Una nutrita delegazione composta da rappresentanti della Conferenza Episcopale del Burkina Faso, del Ministero degli Affari Esteri dello stesso Stato africano e dell’Ambasciata della presso lo Stato italiano e presso la Santa Sede, ha raggiunto ieri l’isola pelagica di Lampedusa per toccare con mano il luogo simbolo degli arrivi di quei migranti che sono stati costretti a fuggire dal proprio Paese e di quelli che non ce l’hanno fatta a raggiungere un porto sicuro italiano e non hanno quindi attraversato la simbolica porta d’Europa.
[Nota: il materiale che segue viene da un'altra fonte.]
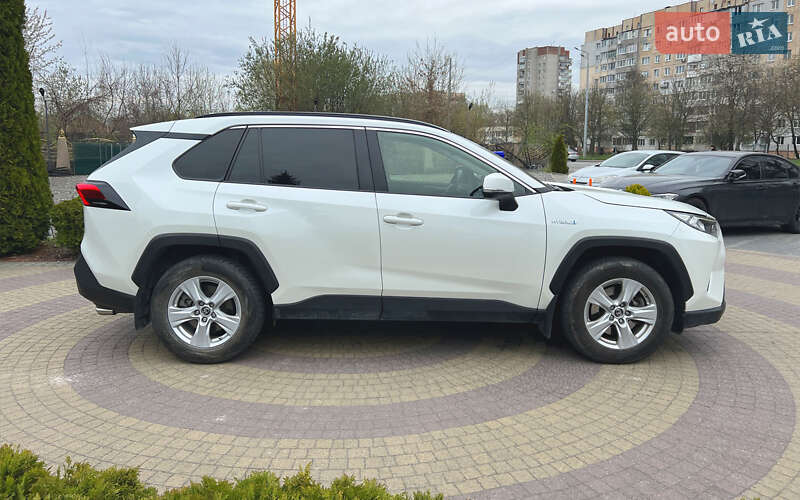 Внедорожник / Кроссовер Toyota RAV4 2019 в Львове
Quattordici membri della Conferenza Episcopale del Burkina Faso, il Segretario di Stato (rappresentante del Ministro degli Esteri), ambasciatori e console del Paese africano da cui moltissimi migranti negli anni sono andati via in cerca di opportunità economiche dignitose si sono radunati a Lampedusa ieri e vi sono rimasti anche oggi. La delegazione è stata guidata ed accompagnata dalla Comunità di Sant’Egidio, con Don Philippe Zongo (rettore del Seminario della Fraternità Sacerdotale Missionaria di Sant’Egidio) in testa, dal viceparroco di Lampedusa in rappresentanza della Diocesi di Agrigento, dalle istituzioni locali rappresentate dal Prefetto di Agrigento, dal sindaco di Lampedusa e Linosa, dal comandante della Capitaneria e di Porto e dal comandante della locale stazione dei Carabinieri.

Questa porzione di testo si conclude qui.